The concert featured quite a few stand-out performances that really left an impression on the crowd. While all of them featured color-changing backgrounds due to the multicolored lights being projected around, one used them to carry a story. The dance itself seemed to be about people being controlled by technology, as the dancers moved around like puppets while electronic music played and, at one point, acted as if the phones they were pretending to look at were trying to smother them. It ended with them lining up on stage and pretending to run at the audience just as the lights went out, giving us a bit of a shock.

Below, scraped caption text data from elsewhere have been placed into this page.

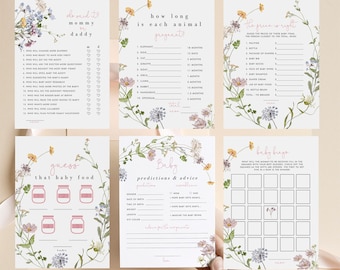 Editable Wildflower Baby Shower 13 pcs Game Bundle, Baby in Bloom Baby Sprinkle Games, Boho Floral Spring Games, Printable Download 357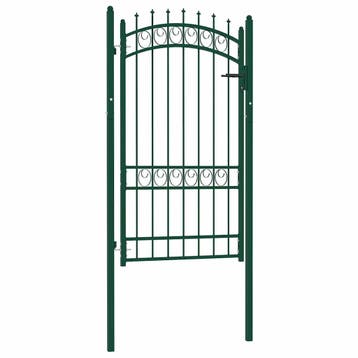 vidaXL Poort met speerpunten 100x175 cm staal groen, Verzenden, Nieuw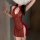 Seductive chinese-style lingerie set - open-crotch cheongsam for small busts, pure temptation couples play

Another excellent display was given when two dancers, both dressed in whimsical looking clothes that wouldn’t be out of place in a Wes Anderson film played tiny guitars while back to back and walking in a circle. The music then changes to be a bit scarier and intense, then the background gets darker. They appear to have lost each other since they seem to be searching around. Once they find each other, the scene changes back to being a bit happier, and they jumped over each other as the other would roll on the ground. Finally, they joined hands, and the dance was done.

One of the many dances exhibited by this event was a perfect example of what the theme meant. At one point during the performance, two of the female dancers on the stage stood up and took turns reading from one of Susan B. Anthony’s (a famous women’s suffragist) papers. All of this happened while various powerful words from the speech were projected on the screen behind them, and then all around the stage.